Wursthall, which is opening a second location in San Jose, offers more example of the Peninsula keeping to the forefront of the culinary world this year.

Georgy Khatoev makes beef khinkali, a steamed dumpling, from scratch in his food truck in Mountain View. (Photo by Natalia Nazarova)

GEORGIA RISES … The Midpeninsula gained not one, but two Georgian eateries in 2018. Pavel Sirotin, who is from Russia, opened Bevri in downtown Palo Alto in February after moving to the Bay Area and noticing the absence of Georgian restaurants. And in Mountain View, couple Teresa Kasoyan and Georgy Khatoev launched a Georgian food truck called Kolkhida — named for an ancient Georgian kingdom known for its wine, food and farming — in late September.

Both restaurant and truck serve traditional Georgian dishes such as pkhali (a mixture made from spinach, beets, walnuts and other ingredients), khinkali (dumplings filled with meat and/or vegetables) and khachapuri (a large boat-shaped piece of bread filled with cheese and an egg).

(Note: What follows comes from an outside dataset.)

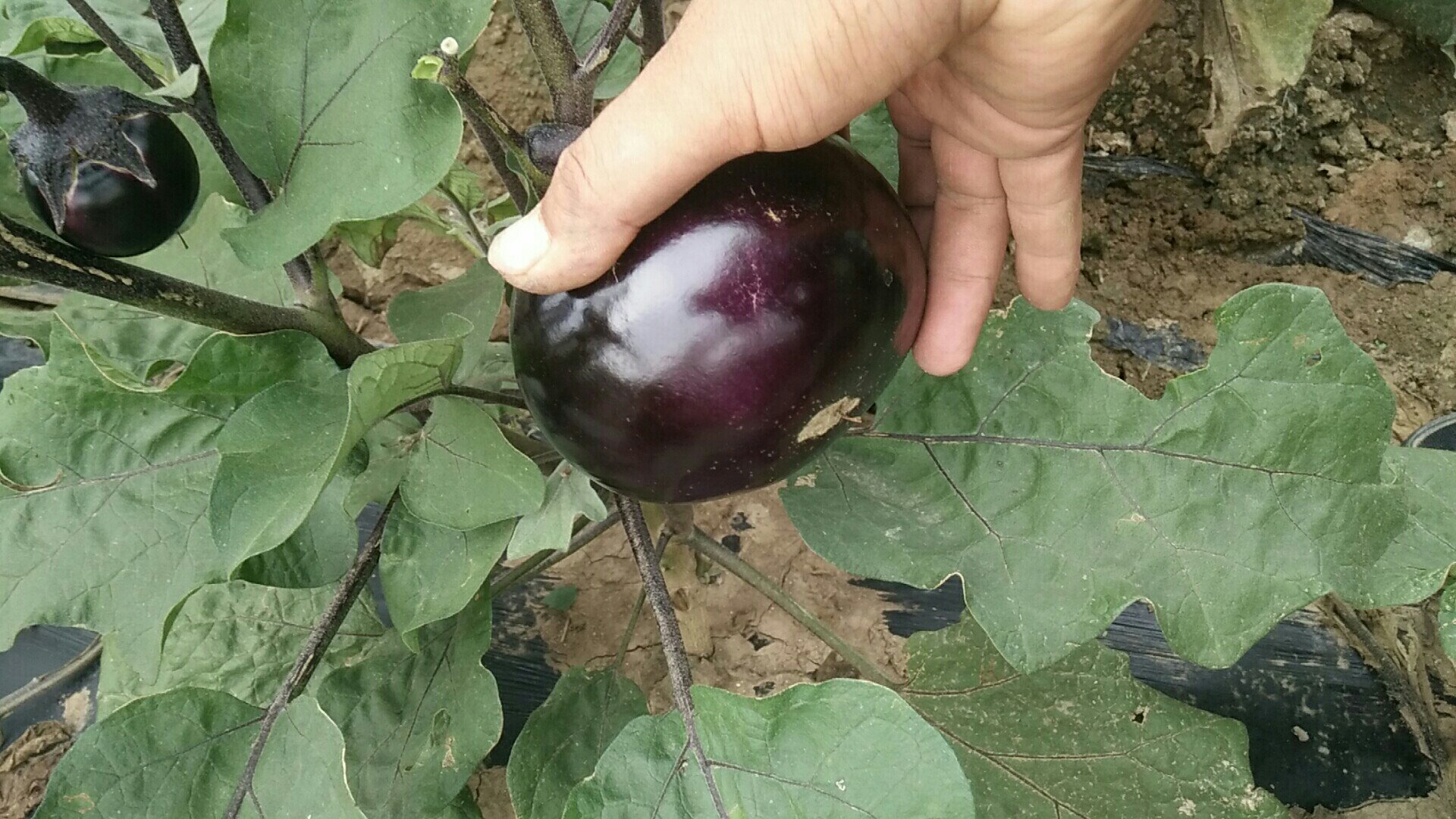 一片整齐的紫光圆茄种植基地,植株健壮,果实饱满呈深紫色,农民正在田间采摘成熟的圆茄,背景有装箱工人和运输车辆,阳光充足,展现丰收景象 紫光圆茄田间成熟采收场景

AT LONG LAST … It only took three and a half years. After much delay, Bay Area sandwich favorite Ike’s Place opened on Lytton Avenue in Palo Alto in November. Owner Ike Shehadeh took over the lease in 2015; he declined to comment on what took so long to open.

The Lytton Avenue location is serving the classic, massive Ike’s menu, plus three new sandwiches only available in Palo Alto. There’s the Jim Harbaugh (the shop was set to open when he was still the San Francisco 49ers’ coach) with chicken, pepper jack cheese and a sweet chili glaze; the Mayfield with salmon, avocado and sweet chili glaze; and Kermit the Frog, a vegetarian sandwich with cucumber, avocado, cream cheese and sweet chili glaze.

As of Jan. 2, 2019, Ike’s Palo Alto is open from 10:30 a.m. to 7 p.m. daily. The sandwich shop will test these hours through February and then either maintain or retract them based on demand, Shehadeh said.

Maum co-chefs Michael and Meichih Kim stand amongst vegetable beds at Luna Vez Farm, a small privately-owned farm in Los Altos Hills. (Photo by Veronica Weber)

KOREAN GOES UPSCALE … After a year of operating quietly as a private dining space in downtown Palo Alto, Korean restaurant Maum opened to the public this summer, bringing a new concept to the Midpeninsula. The high-end restaurant at 322 University Ave. serves a tasting-only menu carefully curated by husband-and-wife co-chefs Michael and Meichih Kim, who both have fine-dining experience. Their food is at once modern and nostalgic, marrying the flavors of Korean and Northern California culinary traditions. The Maum kitchen is fueled by a small, private farm in Los Altos Hills that exclusively supplies the restaurant, including with hard-to-find Korean produce.

Love for Butter’s John Shelsta (left) and Tian Mayimin of Little Sky Bakery show off their wares. (Photo by Nicole Ruiz Hudson)

POP-UPS GET POPULAR … No, none of them were exactly brand new this year, but several pop-ups increasingly staked their claim to local culinary legitimacy. Operating out of farmers markets and connecting to customers via social media, numerous Peninsula pop-ups were among the most sought after eats in the local food scene.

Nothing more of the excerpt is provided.